14 août 2015 - Crédit Mut’


Peu de choses me font penser véritablement à A. Véritablement penser, c’est-à-dire avec un serrement de cœur, avec l’idée d’un amour perdu, d’une femme que je peux revoir mais certainement jamais retrouver telle que je l’ai connue – amoureuse, aimée, jeune.


 Quand je me souviens de voyages, d’anecdotes et de moments vécus avec elle, pendant ces dix ans, c’est décollé de sa personne, c’est mêlé à la mienne, de sorte que je me souviens surtout de notre passé mais jamais du sien propre. Je pense à nous, je ne sais comment penser à elle.
Seule peut-être la vision sur mon chemin d'une succursale du Crédit Mutuel me fait penser intensément et exclusivement à Agathe. Elle y était cliente, pas moi.
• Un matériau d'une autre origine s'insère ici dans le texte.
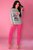 Красивая пижамка с принтом, цвет розовый/серый, размер L-XL - Livia Corsetti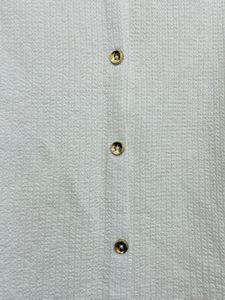 White Ruffle Trim Top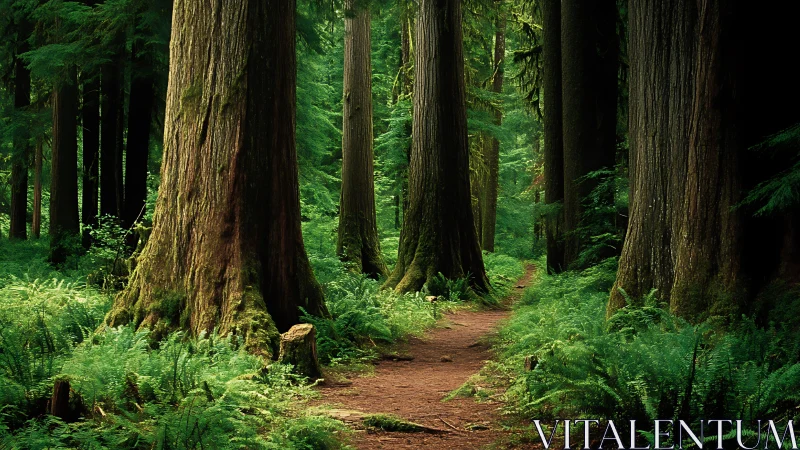Tranquil Forest Path Surrounded by Towering Ancient Trees.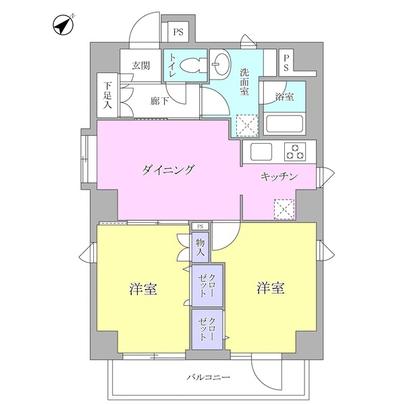 Floor plan. Southeast ・ Southwest ・ Northeastward three direction room kitchen, There is a window in the washroom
Elle disait « Crédit Mut’ », je vais au Crédit Mut, je reviens du Crédit Mut, c’est une lettre du Crédit Mut’, et cette sonorité, ces 3 syllabes dont la dernière claquait comme une surprise et comme un meuglement, n’étaient qu’à elle et ne venaient que d’elle. A chaque fois que je vois cette banque, comme je n’en connais aucun autre client qu’Agathe, c’est elle que je retrouve toute entière : mienne et inchangée, bouleversante et quotidienne, une Agathe qui n’existe plus ailleurs que dans la mémoire de mon cœur, dans un tiroir fermé à double tour par le changement des sentiments et de ma personne, par une une serrure que seuls, peut-être, les agences Crédit Mutuel ouvrent aussi facilement.